Project 2

Variability and Function Learning

Published

January 9, 2024

Introduction

In project 1, we applied model-based techniques to quantify and control for the similarity between training and testing experience, which in turn enabled us to account for the difference between varied and constant training via an extended version of a similarity based generalization model. In project 2, we will go a step further, implementing a full process model capable of both 1) producing novel responses and 2) modeling behavior in both the learning and testing stages of the experiment. Project 2 also places a greater emphasis on extrapolation performance following training - as varied training has often been purported to be particularly beneficial in such situations. Extrapolation has long been a focus of the literature on function learning (Brehmer, 1974; Carroll, 1963). Central questions of the function learning literature have included the relative difficulties of learning various functional forms (e.g. linear vs.bilinear vs. quadratic), and the relative effectiveness of rule-based vs. association-based exemplar models vs. various hybrid models (Bott & Heit, 2004; DeLosh et al., 1997; Jones et al., 2018; Kalish et al., 2004; M. Mcdaniel et al., 2009; M. A. Mcdaniel & Busemeyer, 2005). However the issue of training variation has received surprisingly little attention in this area.

Methods

Participants

Data was collected from 647 participants (after exclusions).

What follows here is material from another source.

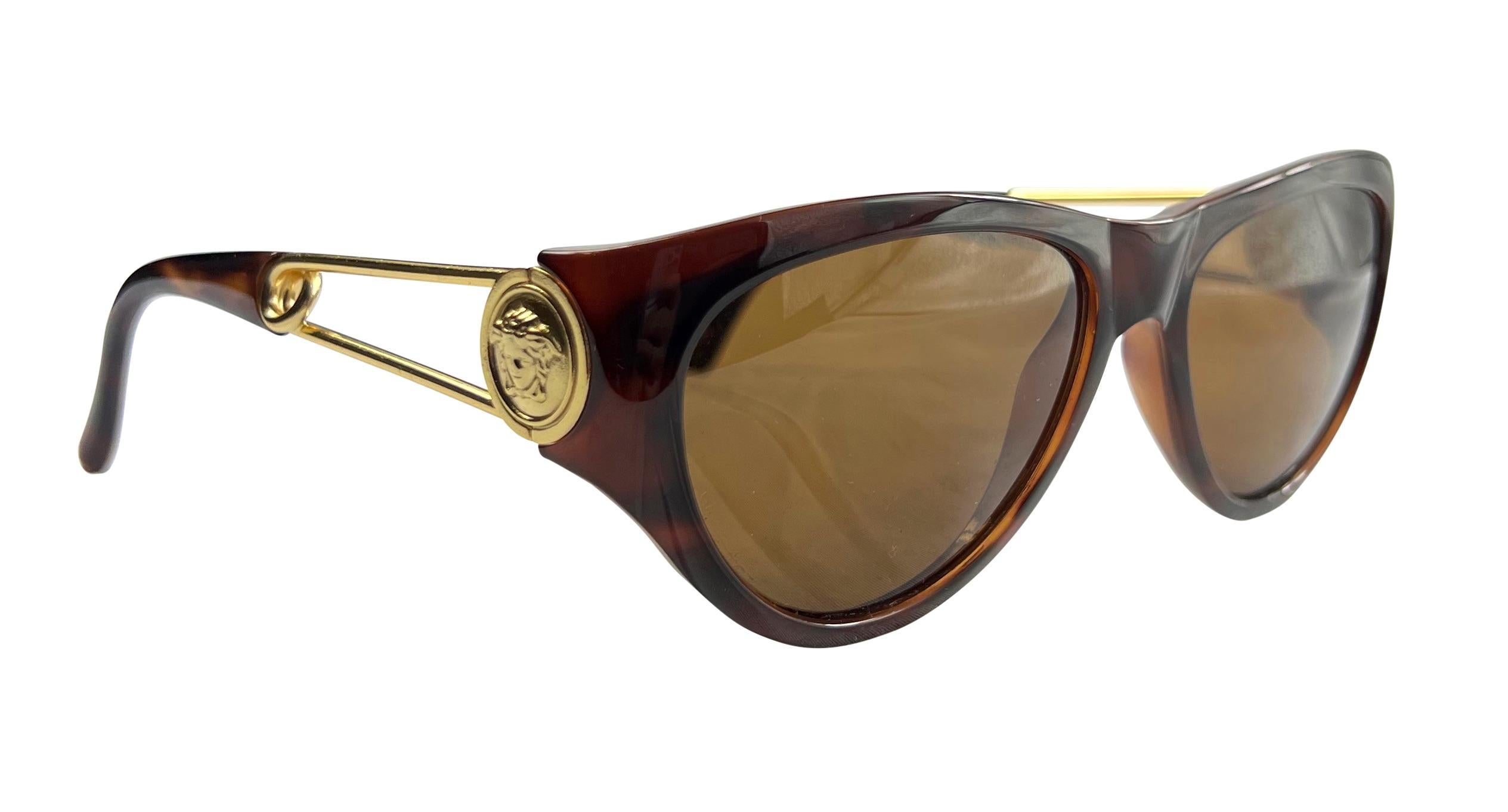 S/S 1994 Gianni Versace Sicherheitsnadel Medusa Gold Brown Acetat Sonnenbrille Damen im Angebot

The results shown below consider data from subjects in our initial experiment, which consisted of 196 participants (106 constant, 90 varied). The follow-up experiments entailed minor manipulations: 1) reversing the velocity bands that were trained on vs. novel during testing; 2) providing ordinal rather than numerical feedback during training (e.g. correct, too low, too high). The data from these subsequent experiments are largely consistently with our initial results shown below.

Task

We developed a novel visuomotor extrapolation task, termed the “Hit The Wall” (HTW) task, wherein participants learned to launch a projectile such that it hit a rectangle at the far end of the screen with an appropriate amount of force. Although the projectile had both x and y velocity components, only the x-dimension was relevant for the task.  Link to task demo

Design

  1. 90 training trials split evenly divided between velocity bands. Varied training with 3 velocity bands and Constant training with 1 band.

  2. No-feedback testing from 3 novel extrapolation bands. 15 trials each.  

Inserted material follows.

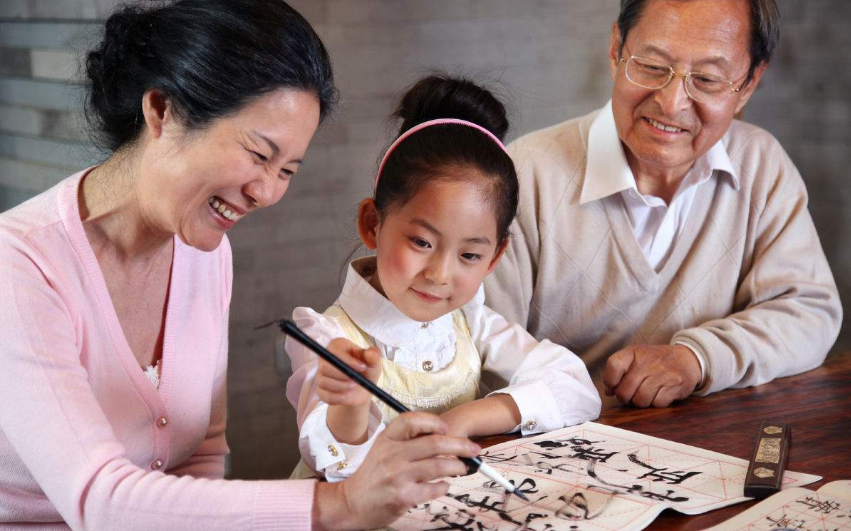 如何解決隔代教育問(wèn)題 隔代教育都有哪些好處和壞處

  3. No-feedbacd testing from the 3 bands used during the training phase (2 of which were novel for the constant group). 9 trials each.

  4. Feedback testing for each of the 3 extrapolation bands. 10 trials each.

Experiment Procedure

Results

Training

Training performance is shown in Results Figure 2A. All groups show improvement from each of their training velocity-bands (i.e. decreasing average distance from target). In the velocity band trained at by both groups (800-1000), the constant group maintains a superior level of performance from the early through the final stages of training. This difference is unsurprising given that the constant group had 3x more practice trials from that band.

Code
#fig.cap="\\label{fig:figs}training performance"

#title=paste0("HTW Training")
#figpatch::fig(here("Assets/Training-1.png"))
knitr::include_graphics(here("Assets/Training-1.png"))

Code
  #fig_lab(.,title,pos="top",fontface='bold',size=12,hjust=.01)

Testing

For evaluating testing performance, we consider 3 separate metrics. 1) The average absolute deviation from the correct velocity, 2) The % of throws in which the wall was hit with the correct velocity and 3) The average x velocity produced.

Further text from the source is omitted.